# **Where to hang out in Paris ?**

This notebook will provide the main results we obtained through our work. It allows anyone to use the functions without having to use the Interface.
It is divided in 3 subsequence:

I- Maps

II-Statistics

III. Scrapping (Optional)


## **I. Maps**

This section will allow you to create the Maps we create through the interface. Each cell is dedicated to a function and an example is always provided.


 The functions defined below are very similar to those defined in the mapping files of each folder. The mapping.py files are the functions we use in the interface and are programmed to open directly a window in your webbrowser with the map. The only thing we change in the following functions is that we deleted the order to open a new window with the map created. If you want to open the map, you need to go to Output/Maps and to open them in a webbrowser. JupyterLab does it by itself but some code editor as VSCODE may require an additionnal extension.

 We first import the main modules we are going to use:

In [None]:
import folium
import pandas as pd 
from folium.plugins import MarkerCluster
from datetime import datetime

### Cinema

The following sub-section gives you the code to plot the maps of all the movie displayed on a day. This uses the database DataCinema.csv created in the scrapping section.
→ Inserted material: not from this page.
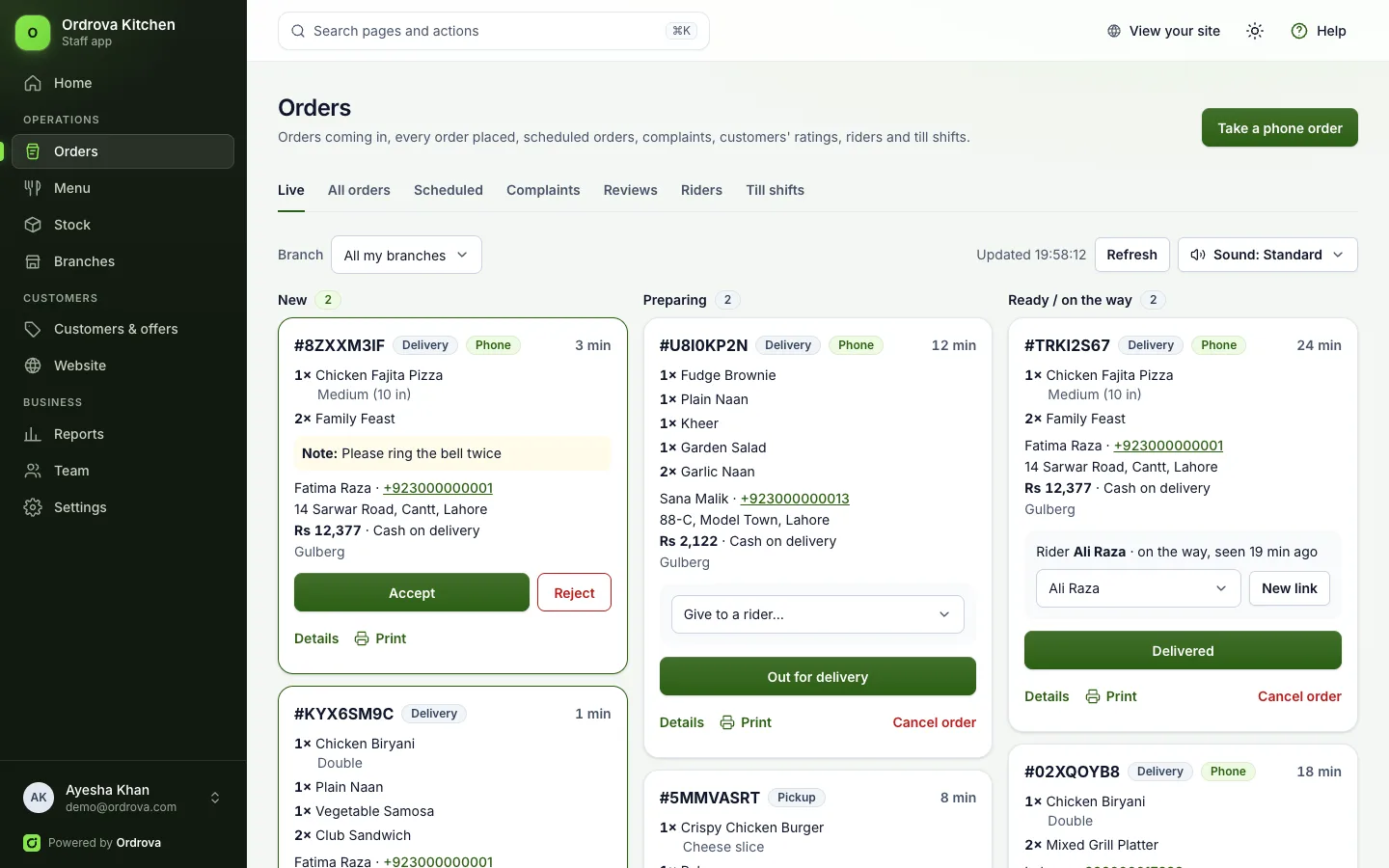 The kitchen board in the staff app: new, preparing and ready or on-the-way orders with their items, notes, a rider on the way and one-tap buttons.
Pay attention that not all the cinemas of Paris are represented on the maps but lots of them are (additional details are provided in the code of the scrapping section). 
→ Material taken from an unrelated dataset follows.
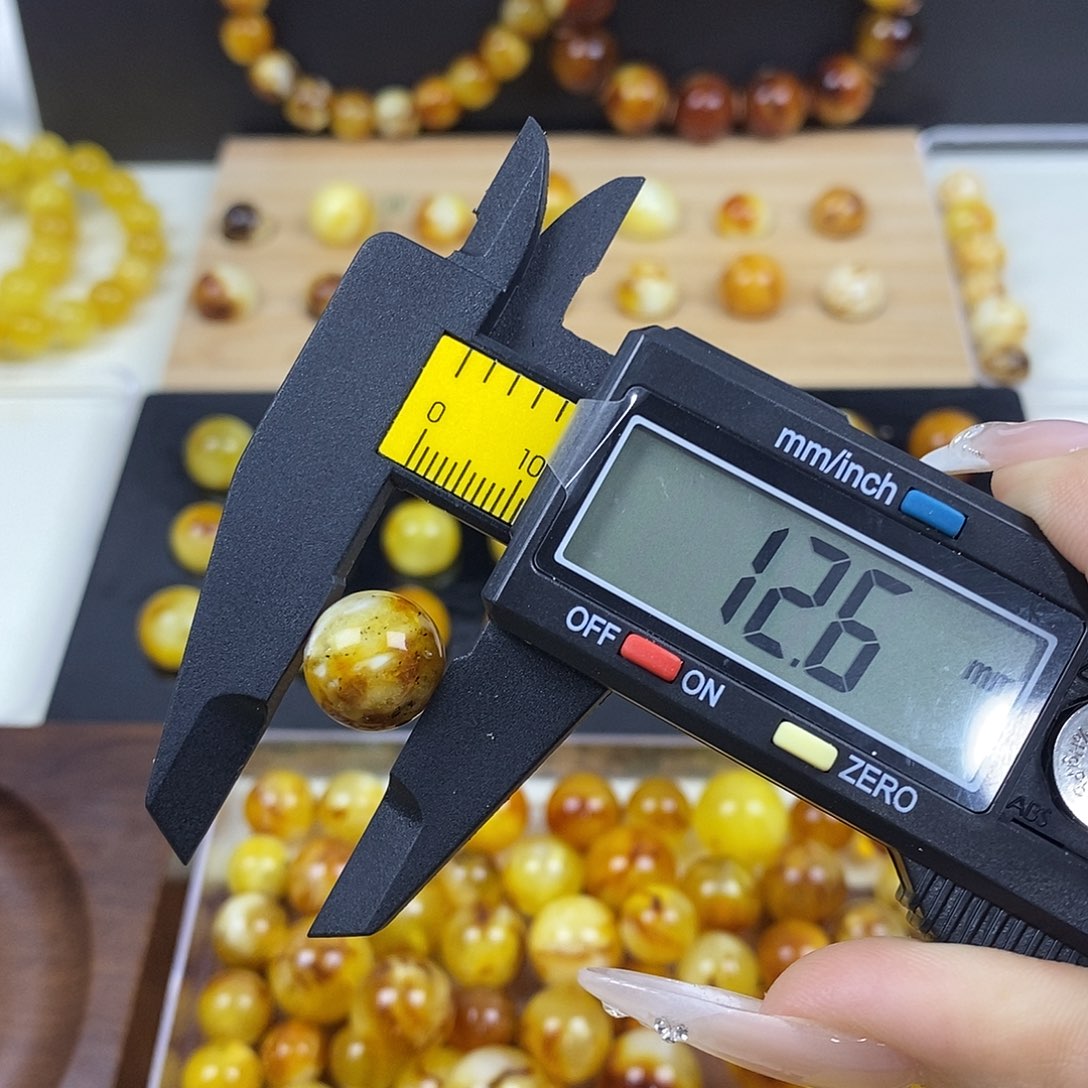 未镶嵌琥珀裸石蜜蜡382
All the more, the database hasn't been uptated since 28 th december 2023, so the movie show on the maps are those streamed this day. If you want to have those of the current day you need to update the database through the codes in the scrapping section.


In [None]:

def HourConversion(string):                  
    return datetime.strptime(string, '%H:%M') 
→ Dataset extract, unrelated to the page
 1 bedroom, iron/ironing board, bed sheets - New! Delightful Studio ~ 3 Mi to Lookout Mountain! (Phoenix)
def MovieMapping(data,MinHour:'HHhMM',MaxHour:'HHhMM'):     
    HeureDebut = datetime.strptime(MinHour, "%Hh%M")
    HeureFin = datetime.strptime(MaxHour, "%Hh%M")
    
    
    data['time'] = data['heure'].apply(lambda x: HourConversion(x))
    AdjustedData = data[data['time']>= HeureDebut]
    AdjustedData = AdjustedData[AdjustedData['time'] <= HeureFin]
    
    MovieMap = folium.Map(location=[48.8566, 2.3522], zoom_start=12)
    GeoVisited = {}

    for index, row in AdjustedData.iterrows():
        lat = row['geo'].split(',')[0]
        lon = row['geo'].split(',')[1]
    
        content = "<h4 style='color:black;'>" + row['nom'] + "</h4>" \
                "<p style='font-size:16px;'>" + row['etablissement'] + "</p>"\
                "<p style='font-size:16px;'>" + row['heure'] + "</p>"
        
        if (lat,lon) not in GeoVisited.keys():
            GeoVisited[(lat,lon)] = MarkerCluster().add_to(MovieMap)
            folium.Marker(location=(lat,lon), popup = content, max_width=500).add_to(GeoVisited[(lat,lon)])
        else:
            folium.Marker(location=(lat,lon), popup = content, max_width=500).add_to(GeoVisited[(lat,lon)])
    MovieMap.save("/home/onyxia/work/Maps_cultural_life_Paris/Outputs/Maps/MovieMap.html")


#### *Example*
We will use the previous function to create a map showing all the movies streamed in Paris on 28th December 2023 whose cinema sessions begins between 5:30 PM (17h30) and 10:00 PM (22h00). 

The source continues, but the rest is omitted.